Fakta itu disampaikan oleh Darmawang, Kasubag TU BPN yang mendapat giliran menjawab, kenapa pasal yang harusnya bisa menjadi kemudahan bagi masyarakat mendapat kepastian hukum atas pendaftaran tanah.

Dengan dalih banyaknya pegawai Kantor BPN yang diperkarakan ke Pengadilan, bila pasal itu diterapkan, menjadi alasan kenapa pasal tersebut sedikit enggan digunakan, ujarnya.

Sisi lain juga terungkap bahwa dalam Program Sertifikat Masal, penerima sertifikat ternyata ada biaya lain yang muncul di kemudian hari, yaitu pengenaan BPHTB.

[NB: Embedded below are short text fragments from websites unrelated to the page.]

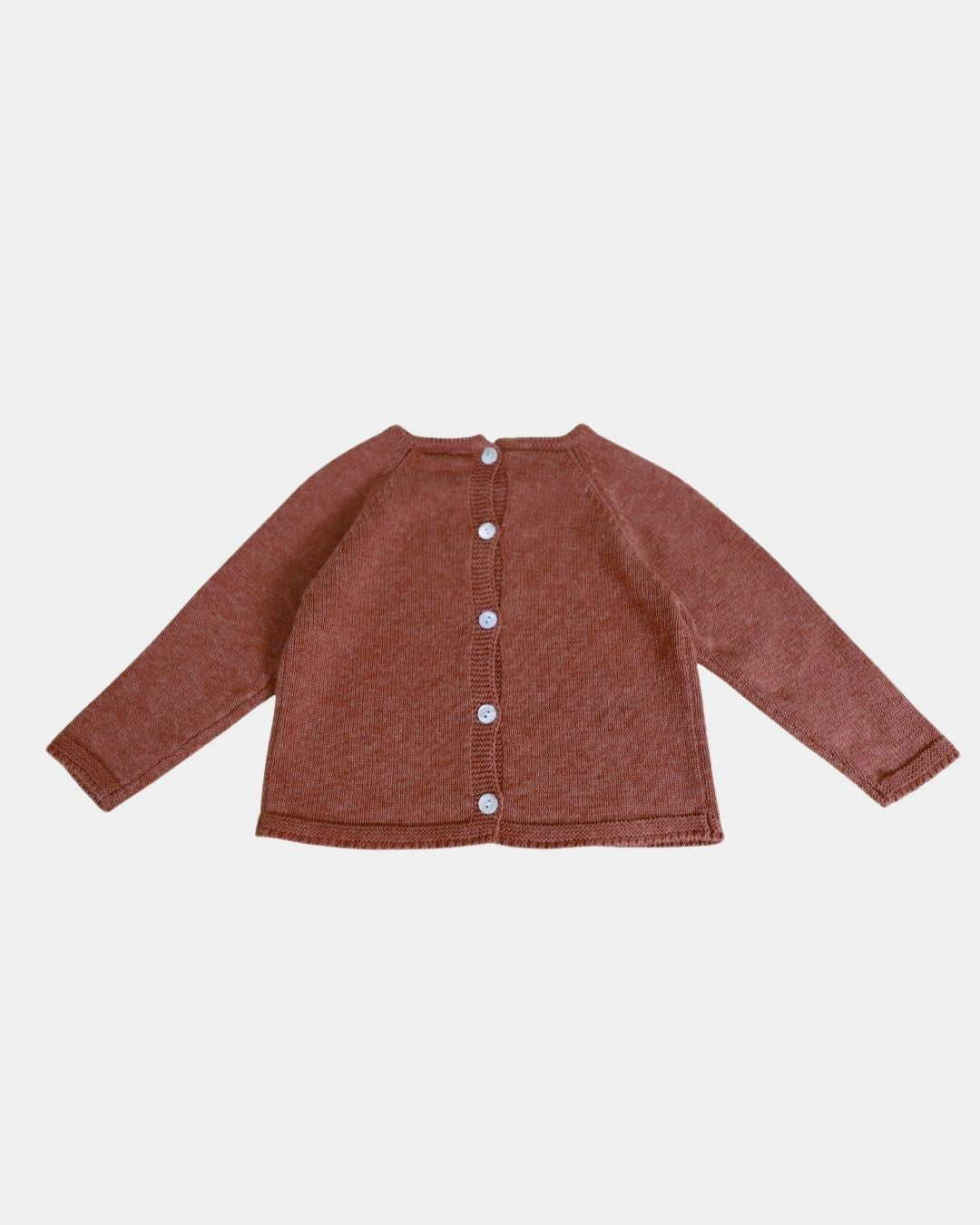 JERSEY BOBO TEJA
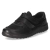 Low Sneaker KIRA 18 - black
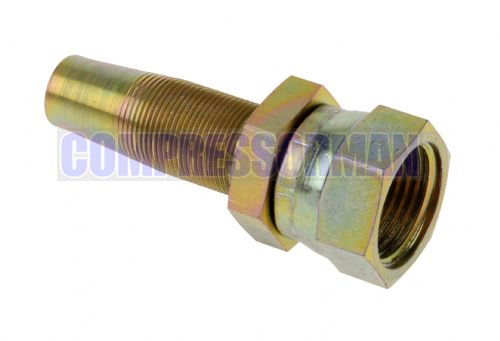 Reusable fittings - JIC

Menurut Matali yang mewakili Badan Pendapatan Daerah Lamongan, berpendapat, PTSL masuk obyek pajak BPHTB, walau akunya penerapan itu secara teknis nanti ada kendala, yaitu sampai detik ini Kantor BPN Lamongan belum koordinasi soal siapa saja yang sudah dapat Program PTSL.

Masih kata Matali, tetapi kami tidak serta merta, dikemudian hari tetap akan kita pertimbangkan keberatan-keberatan masyarakat untuk penarikan Pajak BPHTB.

Di luar rangkaian diskusi, Hadi Mulyono, menyayangkan PN Lamongan dan KPP Pratama tidak bisa hadir, sesalnya, kehadiran dua lembaga pemerintah ini sangat penting untuk bisa meluruskan kegamangan para pihak agar ada kejelasan dan komitmen bersama.

Sedangkan masih menurut Hadi, dari hasil investigasi Komunitas WesTa, kedua lembaga pemerintah ini sering dikeluhkan oleh publik dan instansi pemerintah yang lainnya. “Khususnya ada kaitannya dengan tema diskusi kita kali ini,” pungkasnya. (ak)

No More Posts Available.

No more pages to load.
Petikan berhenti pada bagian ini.